Geltungsbereich der Initiative
Die Schweizerische Arbeitsgruppe Gentechnologie (SAG), die auch die organisatorische Verantwortung für die Initiative getragen hatte, begann praktisch unmittelbar nach der Abstimmung damit, diese mit Inhalten zu füllen. Und es kam, wie kommen musste: Zunächst einmal gab es Streit über die Tragweite des Moratoriums: Während die SAG der festen Überzeugung ist, dass die Initiative sich auf alle vermehrungsfähigen gentechnisch veränderten Organismen (GVO) bezieht, und somit auch - zum Beispiel - importierte Sojabohnen umfassen muss, hatte Bundesrat Pascal Couchepin bereits im Verlauf der Initiative seine Sicht der Dinge dargelegt: Das Moratorium betrifft seiner Einschätzung nach nur den Anbau von GVO. Er macht damit deutlich, dass er nichts von der Lesart hält, das Moratorium sei zum Schutz der gentechnikfreien Produktion gedacht.

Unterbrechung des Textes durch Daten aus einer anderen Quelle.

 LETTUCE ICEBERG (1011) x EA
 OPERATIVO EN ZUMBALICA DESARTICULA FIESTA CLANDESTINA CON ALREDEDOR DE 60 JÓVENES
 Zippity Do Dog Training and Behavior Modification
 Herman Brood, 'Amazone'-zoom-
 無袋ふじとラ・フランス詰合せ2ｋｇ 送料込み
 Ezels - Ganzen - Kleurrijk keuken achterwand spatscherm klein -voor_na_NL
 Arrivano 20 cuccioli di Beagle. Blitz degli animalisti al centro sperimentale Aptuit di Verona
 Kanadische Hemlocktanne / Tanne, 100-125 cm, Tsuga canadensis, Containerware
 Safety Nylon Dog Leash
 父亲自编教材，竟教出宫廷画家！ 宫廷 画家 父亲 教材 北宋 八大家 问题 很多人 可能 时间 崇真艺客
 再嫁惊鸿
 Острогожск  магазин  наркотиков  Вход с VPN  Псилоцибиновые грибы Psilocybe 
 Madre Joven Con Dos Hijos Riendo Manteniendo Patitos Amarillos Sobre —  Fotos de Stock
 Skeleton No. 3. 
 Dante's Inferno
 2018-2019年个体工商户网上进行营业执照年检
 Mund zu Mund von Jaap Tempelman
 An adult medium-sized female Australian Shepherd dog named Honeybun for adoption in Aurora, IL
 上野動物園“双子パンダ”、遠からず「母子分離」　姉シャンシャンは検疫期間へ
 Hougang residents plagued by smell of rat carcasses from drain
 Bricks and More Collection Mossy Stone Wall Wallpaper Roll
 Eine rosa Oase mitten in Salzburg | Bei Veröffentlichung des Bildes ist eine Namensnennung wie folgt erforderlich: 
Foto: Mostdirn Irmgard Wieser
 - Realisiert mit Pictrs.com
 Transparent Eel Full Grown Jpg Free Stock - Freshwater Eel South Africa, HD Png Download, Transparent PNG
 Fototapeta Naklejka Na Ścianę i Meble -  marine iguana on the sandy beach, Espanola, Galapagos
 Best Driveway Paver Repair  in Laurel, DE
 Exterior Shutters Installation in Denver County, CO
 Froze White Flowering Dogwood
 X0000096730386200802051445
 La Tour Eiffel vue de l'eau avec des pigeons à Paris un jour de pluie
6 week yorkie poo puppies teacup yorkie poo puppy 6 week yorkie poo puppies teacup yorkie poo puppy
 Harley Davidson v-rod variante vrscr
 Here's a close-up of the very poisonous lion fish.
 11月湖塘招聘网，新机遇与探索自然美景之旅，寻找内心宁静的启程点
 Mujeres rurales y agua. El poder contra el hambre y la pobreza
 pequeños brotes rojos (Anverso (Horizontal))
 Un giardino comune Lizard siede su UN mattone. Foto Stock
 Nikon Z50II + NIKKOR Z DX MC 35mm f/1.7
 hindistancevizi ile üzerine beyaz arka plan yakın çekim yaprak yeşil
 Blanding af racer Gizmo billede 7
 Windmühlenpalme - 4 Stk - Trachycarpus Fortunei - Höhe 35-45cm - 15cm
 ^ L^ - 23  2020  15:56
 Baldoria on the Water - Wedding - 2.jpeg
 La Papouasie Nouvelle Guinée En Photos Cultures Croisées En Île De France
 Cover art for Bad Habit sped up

Schleichende Kontamination
In der Schweiz wird derweil über Gesetzentwürfe debattiert, die die Regelungen des Gentechnikgesetzes konkretisieren sollen.(1) Dazu wurden Kommentare eingereicht, die im übrigen auch als Musterstellungnahme im Internet verfügbar sind. Die SAG hebt in ihrer Stellungnahme hervor: Es ist sehr wichtig, nach dem Zeitraum des Moratoriums - Ende 2010 - die Situation zum Einsatz der Gentechnik in der Landwirtschaft neu beurteilen zu können. Dafür ist die Anwendung des Grenzwertes von 0,1 Prozent von entscheidender Wichtigkeit insbesondere für Saat- und Pflanzgut, wo derzeit ein Deklarationswert von 0,5 Prozent gilt. Dieser stellt zwar nicht mehr die technische Nachweisgrenze dar, er lässt sich jedoch mit vertretbarem Aufwand sicher feststellen, weshalb er in politischen Diskussionen oft als Grenzwert für die Deklaration als "gentechnikfrei" angesehen wird. In diesem Zusammenhang ist auch ein anderer Aspekt bedeutend: Die Produktion von Saatgut muss einen besonderen Schutz genießen. Für den Geschäftsführer der SAG, Daniel Ammann, ist dies sogar noch wichtiger als die leidige Grenzwertdebatte: "Entwicklung und Vermehrung von Saatgut muss in Gebieten stattfinden, die im Gentechnikgesetz auf eine Stufe gestellt werden, wie derzeit nur bestimmten Naturräumen zukommt." Das schweizerische Gentechnikgesetz schützt "besonders empfindliche und schützenswerte Lebensräume". Dazu zählen Naturschutzgebiete, Gewässerränder und so genannte Grundwasserschutzzonen. Ammann ist sich durchaus bewusst, dass die Forderung nach der geschützten Saatgut-Produktion auch als ein erster Rückzug der gentechnikfreien Produktion gelesen werden kann, er meint jedoch: "Die Bewahrung von nicht kontaminiertem Saatgut ist von derart immenser Bedeutung, dass sein Schutz vor gentechnischer Verunreinigung unter allen Umständen gelingen muss."
Neue Forschungen
Ob ein Moratorium dem Forschungsstandort Schweiz schaden würde oder nicht, war schon Teil der Diskussionen um die Initiative. Eine spezielle Erklärung zu Forschungsfragen war bis zum Tag der Abstimmung von 96 ProfessorInnen, DozentInnen und Forschenden unterzeichnet worden. Sie betonten in ihrer Erklärung, dass in den fünf Jahren des Moratoriums wichtige Fragen über Nutzen, Grenzen und Risiken der Agro-Gentechnik diskutiert und geklärt werden sollen. Die SAG mischt sich auch in Diskussionen über das Nationale Forschungsprogramm (NFP) ein.(2) Dabei geht es ihr notwendigerweise um "Nutzen und Risiken der Freisetzung gentechnisch veränderter Pflanzen". Die SAG fordert, dass 1. ein hoher Grad an Vorsorge und Schutz der gentechnikfreien Landwirtschaft und Lebensmittelherstellung durch allfällige Freisetzungsversuche garantiert bleibt, 2. gewährleistet ist, dass insbesondere die Risikoforschung von unabhängigen Expertinnen und Experten weiter entwickelt werden kann, 3. bei der Bewertung von Risiken und Nutzen Forschungsprojekte zum biologischen Landbau gebührend berücksichtigt werden sowie dass 4. bei der Auswahl der geförderten Projekte Transparenz sichergestellt ist.(3)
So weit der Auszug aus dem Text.